Pepper covered her mouth, probably to keep from laughing, and Steve turned around to glare at Toni with as much irritation as he could credibly muster. “Is she supposed to be able to mangle cliches like that? Isn’t there a rule against it?”

“Probably,” Pepper managed to get out between not-quite-laughing breaths, “but if there is, Toni doesn’t care.”

“Of course not,” Steve muttered, fighting a smile of his own. “It’s really not fair that I like that about you, you know.”

Toni grinned that impish, devil-may-care grin of hers and grabbed a set of dumbbells off the rack by the door, hefting one in each hand and cocking her hip at Steve as she went. “I know. Too bad for you. Miss Potts, do I have time after a twenty-minute rotation for some horizontal cardio?”

Cooly perusing what was probably Toni’s calendar, Pepper allowed herself a small smile. “You and I are both free. Steve? Do you have plans for the next two hours?”

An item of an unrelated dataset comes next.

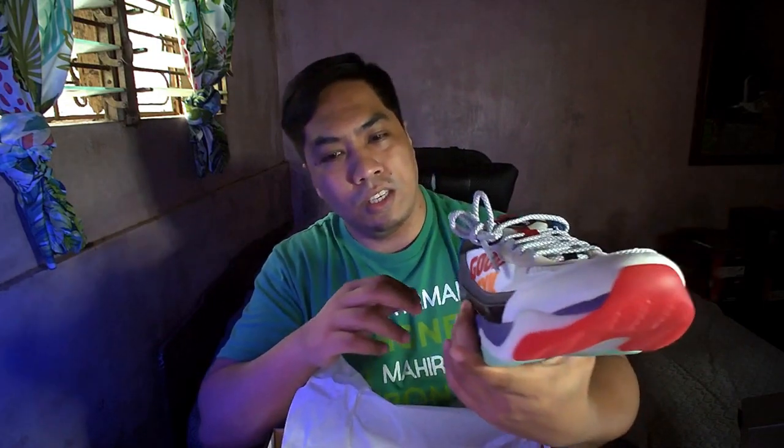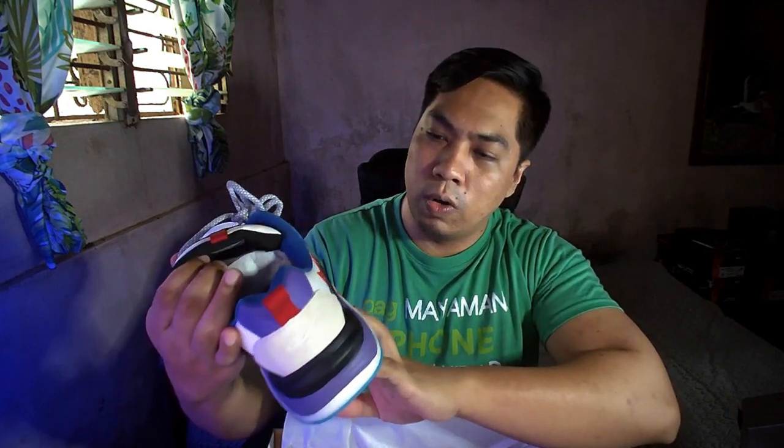Nice! As you can see, this is the World Balance Secret Fresh Jelly Bean colorway. This is the latest release. I got it from the pre-order sa World Balance. Nakita ko lang sila ng post, so surprisingly nakita ko ng pre-order and nag-order agad ako. And just 2 days, dumating na.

Steve Rogers tried very hard not to blush. It was unmanly, undignified, and probably fattening, but damn it, these women and their calendars were going to be the death of him. From the heat he could feel in his cheeks, he probably wasn’t even succeeding at the not blushing part, much less the saying no part.  “Do you always, um, schedule that?” he finally temporized.

“Usually,” Toni deadpanned. “Pepper gets cranky when I don’t, and then she starts wearing lingerie under her suits and not letting me take advantage of it, and then I get cranky and start doodling orbital railguns on restaurant napkins. So it’s better for the world if we schedule.”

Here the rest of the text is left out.